The former ‘The Nanny’ cast member who loved being on the show

Daniel Davis, who played sharp-tongued English butler Niles, has fond memories of working on the 90s sitcom. He loved how the writers knew exactly how to write for his devilish character, and the cast’s delight in welcoming celebrity guests on the show.

LOS ANG'The Nanny' cast featuring (from left) Daniel Davis; Fran Drescher; Charles Shaugnessy; Lauren Lane | CBS via Getty Images
‘The Nanny’ cast featuring (from left) Daniel Davis; Fran Drescher; Charles Shaugnessy; Lauren Lane | CBS via Getty Images | CBS via Getty Images

“The writers watched me carefully in the early days of the show,” Davis told Australian news site in 2016. “They started to write in my voice. And because I have a wicked side to my humor, they picked up on it.”

“We were all tongue-tied when Elizabeth Taylor came on — we were all in awe,” Davis recalled. “But she made it easy for us to work with her — she said, ‘Look kids, we’ve all got to work together so forget that I’m Elizabeth Taylor and just think of me as an actress who’s come to work on your show.’”

Madeline Zima and her unhappiness on ‘The Nanny’

Unlike Davis, much younger cast mate Madeline Zima was miserable working on the CBS ratings hit. It’s the kind of perspective one doesn’t think of with a young actor. It’s assumed a child actor simply is enjoying being on a popular and successful show.

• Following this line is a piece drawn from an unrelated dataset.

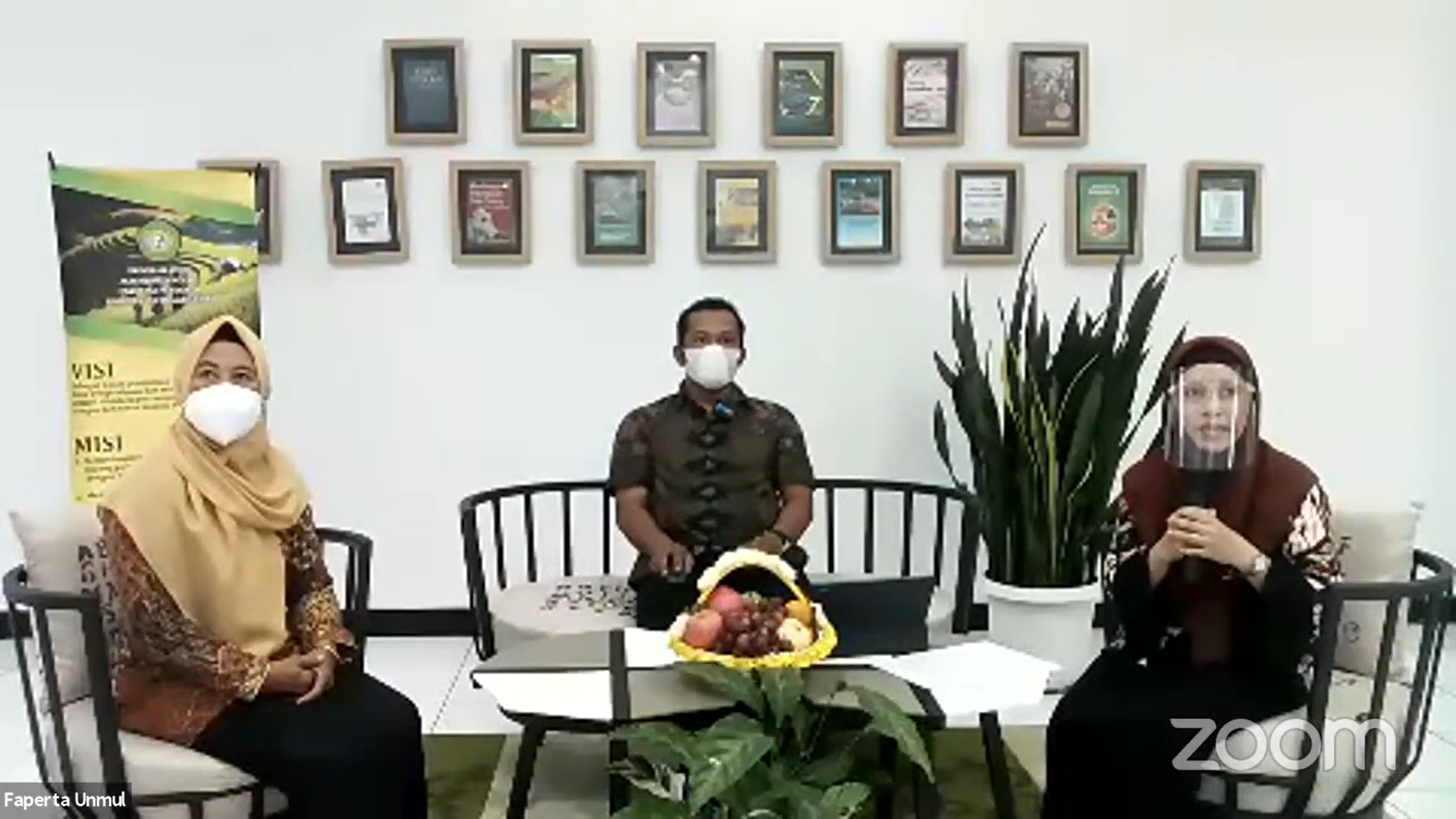 [Liputan Kegiatan] Webinar Seri 10 Jurusan Agroekoteknologi Fakultas Pertanian Universitas Mulawarman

But in Zima’s case, it was quite the opposite, as she told The TV Page in 2013. And she didn’t hold back in expressing her feelings.

“It wasn’t a fun experience,” she shared.

Fran Drescher, Nicholle Tom, Benjamin Salisbury, and Madeline Zima of 'The Nanny'
Fran Drescher, Nicholle Tom, Benjamin Salisbury, and Madeline Zima of ‘The Nanny’ | CBS via Getty Images

“There were other experiences on other sets where people treated me kindly. I worked when I was 5 years old on The Hand That Rocks The Cradle and everybody was wonderful to work with on that set.  People treated me as they should have — because I was a child.”

“There was just a kindness and a sensitivity that didn’t exist on the set of The Nanny. They treated me more like a prop than like a human being. At a certain point I can’t pretend like it was some great experience anymore,” she said.

Madeline Zima, 2018
Madeline Zima, 2018 | Axelle/Bauer-Griffin/FilmMagic

The now 34-year-old actress feels she had held back until that point in expressing her true feelings. But now, as an adult, that hesitation has gone. She knows fans of the show don’t like hearing it, but how she feels is how she feels.

“[I]t bums so many people out because they love the show. They are like ‘What’s wrong with this girl? Why didn’t she like it?’ But I would rather be honest. I have been diplomatic and neutral and politically correct long enough. I don’t have to do that s**t anymore.”